1013. Battle Over Cities

It is vitally important to have all the cities connected by highways in a war. If a city is occupied by the enemy, all the highways from/toward that city are closed. We must know immediately if we need to repair any other highways to keep the rest of the cities connected. Given the map of cities which have all the remaining highways marked, you are supposed to tell the number of highways need to be repaired, quickly.

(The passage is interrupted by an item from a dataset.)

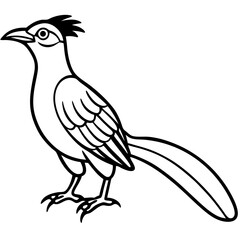 Minimal Asian Koel Vector on White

For example, if we have 3 cities and 2 highways connecting city1-city2 and city1-city3. Then if city1 is occupied by the enemy, we must have 1 highway repaired, that is the highway city2-city3.

Input

Each input file contains one test case. Each case starts with a line containing 3 numbers N (<1000), M and K, which are the total number of cities, the number of remaining highways, and the number of cities to be checked, respectively. Then M lines follow, each describes a highway by 2 integers, which are the numbers of the cities the highway connects. The cities are numbered from 1 to N. Finally there is a line containing K numbers, which represent the cities we concern.

Output

For each of the K cities, output in a line the number of highways need to be repaired if that city is lost.
Sample Input

3 2 3
1 2
1 3
1 2 3

Sample Output

1
0
0

代码如下：

#include <iostream>
#include <vector>
#include <iterator>

using namespace std;

struct Road{
    int ct1, ct2;
    Road(){}
    Road(int a, int b):ct1(a), ct2(b) {}
};

int ancestor(vector<int> &father, int ct)
{
    if(father[ct] == ct)    return ct;
    else    return ancestor(father, father[ct]);
}

void Union(vector<int> &father, vector<int> &size, Road &rd)
{
    int ancest_a = ancestor(father, rd.ct1), ancest_b = ancestor(father, rd.ct2);
    if(ancest_a == ancest_b)    return;
    if(size[ancest_a] > size[ancest_b]){
        father[ancest_b] = ancest_a;
        size[ancest_a] += size[ancest_b];
    }else{
        father[ancest_a] = ancest_b;
        size[ancest_b] += size[ancest_a];
    }
}

int main()
{
    //read 1-st line
    int N, M , K;
    cin >> N >> M >> K;
    //construct matrix
    vector<Road> road;
    int ct1, ct2;
    for(int i=0; i<M; ++i){
        cin >> ct1 >> ct2;
        road.push_back(Road(ct1, ct2));
    }

    //read concerned city and processing
    int ct_war;
    vector<int> father(N+1), size(N+1);
    for(int i=0; i<K; ++i){
        cin >> ct_war;
        //initialize
        vector<int> father(N+1), size(N+1);
        for(int j=1; j<N+1; ++j){
            father[j] = j;
            size[j] = 1;
        }
        //processing
        for(int rd=0; rd<M; ++rd){
            if(road[rd].ct1 == ct_war || road[rd].ct2 == ct_war)    continue;
            Union(father, size, road[rd]);
        }
        //print
        int cnt = 0;
        for(int j=1; j<N+1; ++j)
            if(father[j] == j && j != ct_war) cnt++;
        cout << --cnt << endl;
    }

    return 0;
}

注意：并查集中对根节点的追溯，以及具有相同祖先时不需要Union。